Saved data entries
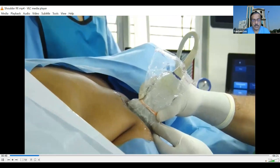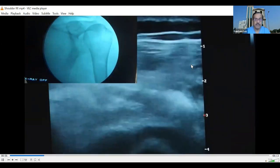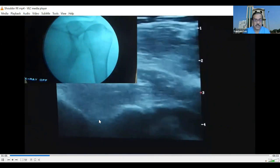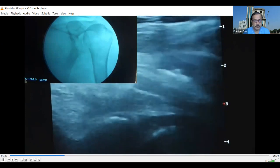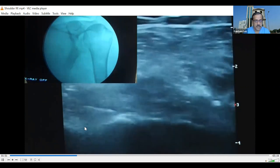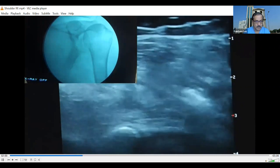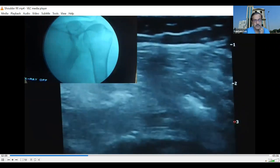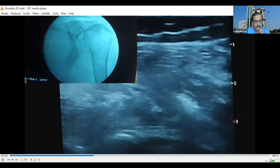After local infiltration, we start introducing the RF cannula. Initially the angle was not right — it was going too superficial — so we increased the angle to reach our target, the spinoglenoid notch. Pulsation is visible, and just beside that pulsation, the hyperechoic area represents the neural structures. We advance until we are close to and then at the target, touching the bone at the spinoglenoid notch.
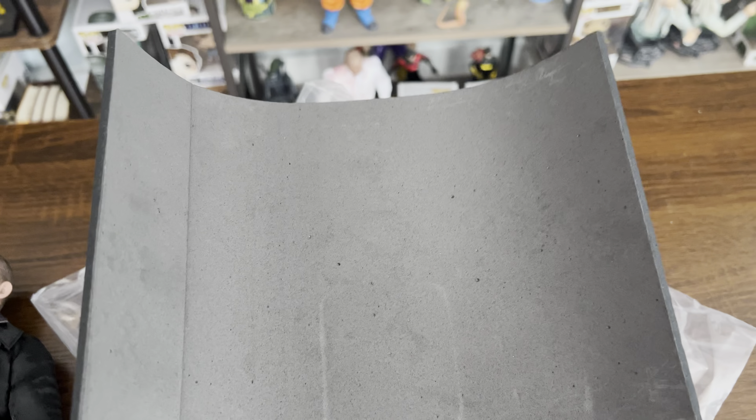It also came with this — I was like, is this a backdrop? No, this is some sort of Eva foam. It was in between layers, so I guess it's just for protection. This is the first time something like this has come in a package, so I'm a little confused, but probably it was for protection.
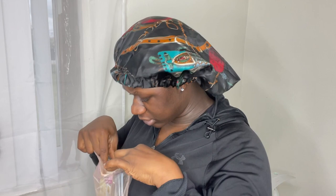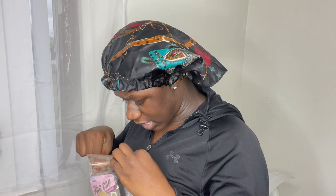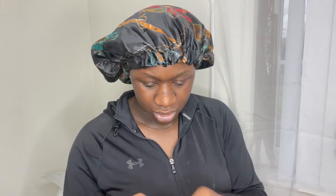In here we have a bald cap, some lashes, a satin wrap edge brush — okay, and that's it. Then we have the wig.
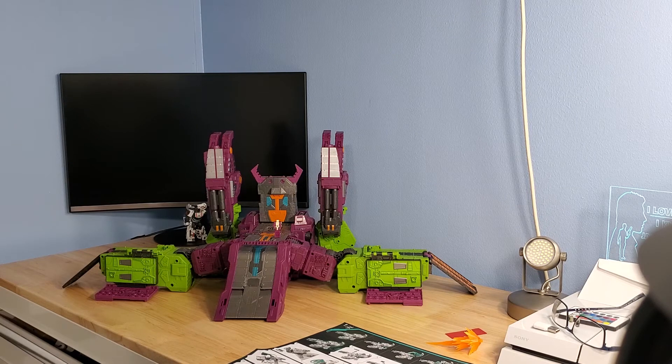Anyway, this is my review of the Earthrise Scorponok. Again, this was gifted to me by my brother Tony — man, I love you, I appreciate you, pretty awesome gift. Leave your thoughts, comments, your opinions on the figure, your likes and dislikes in the comments section. I'll be back with part two — part two will be the DK-19 and DK-21 upgrade kits for this figure. We'll unbox it, go over the install, and anything that it entails. Thank y'all and see you soon. Bye.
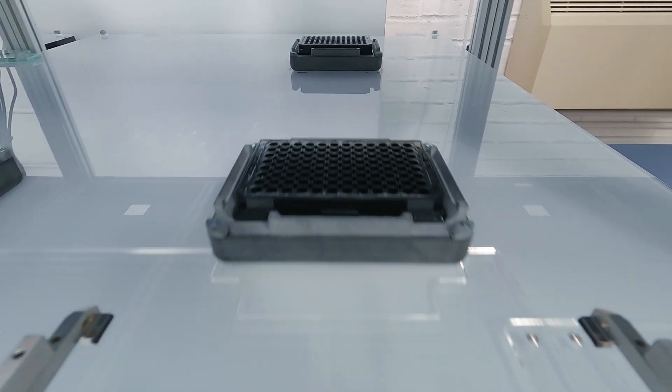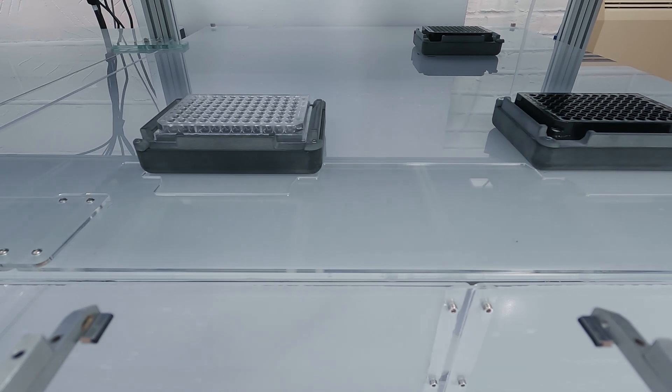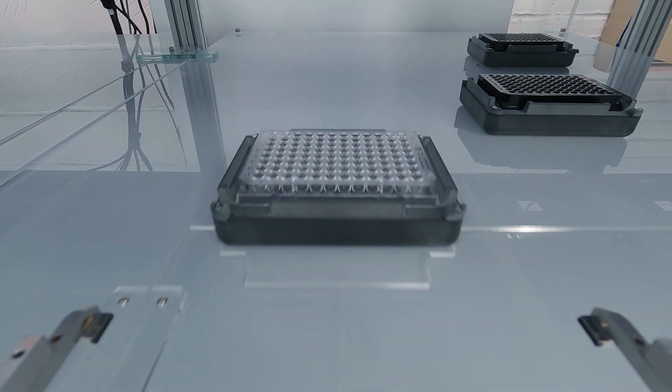And if later on you want to change your system, instead of getting a completely different automation system, you can take instruments out and place new ones in.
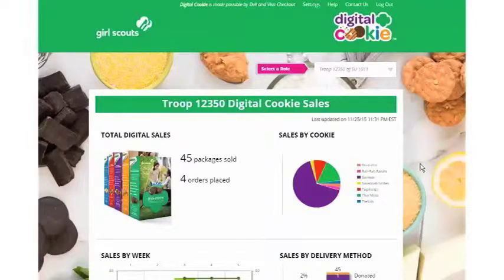As a valuable volunteer, we want to get you registered and set up for Digital Cookie. Let's see how.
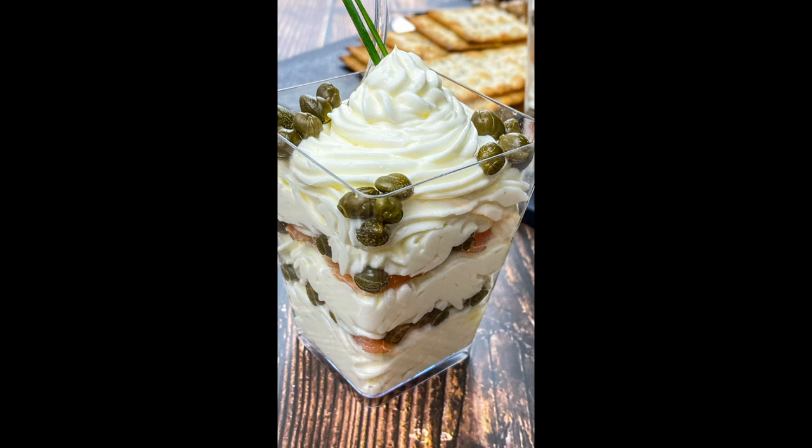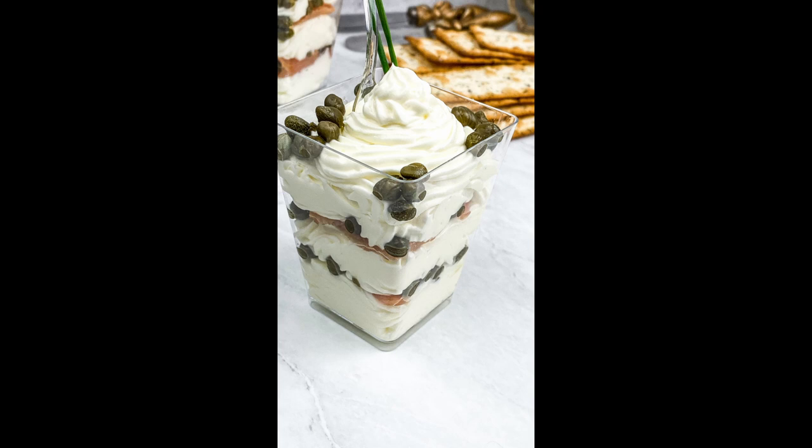Smoked salmon and whipped cream cheese cups. These delicious smoked salmon and whipped cream cheese cups are perfect for brunch, bridal showers, and other festive gatherings. Prep time: 20 minutes. Cook time: none. Yields four five-ounce appetizer cups.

**About this exercise:**
Go to the line with "And if later" in the entries above. Reproduce that line and each one after it to the end, exactly and without the pictures.

**Solution to this problem:**
And if later on you want to change your system, instead of getting a completely different automation system, you can take instruments out and place new ones in.
As a valuable volunteer, we want to get you registered and set up for Digital Cookie. Let's see how.
Smoked salmon and whipped cream cheese cups. These delicious smoked salmon and whipped cream cheese cups are perfect for brunch, bridal showers, and other festive gatherings. Prep time: 20 minutes. Cook time: none. Yields four five-ounce appetizer cups.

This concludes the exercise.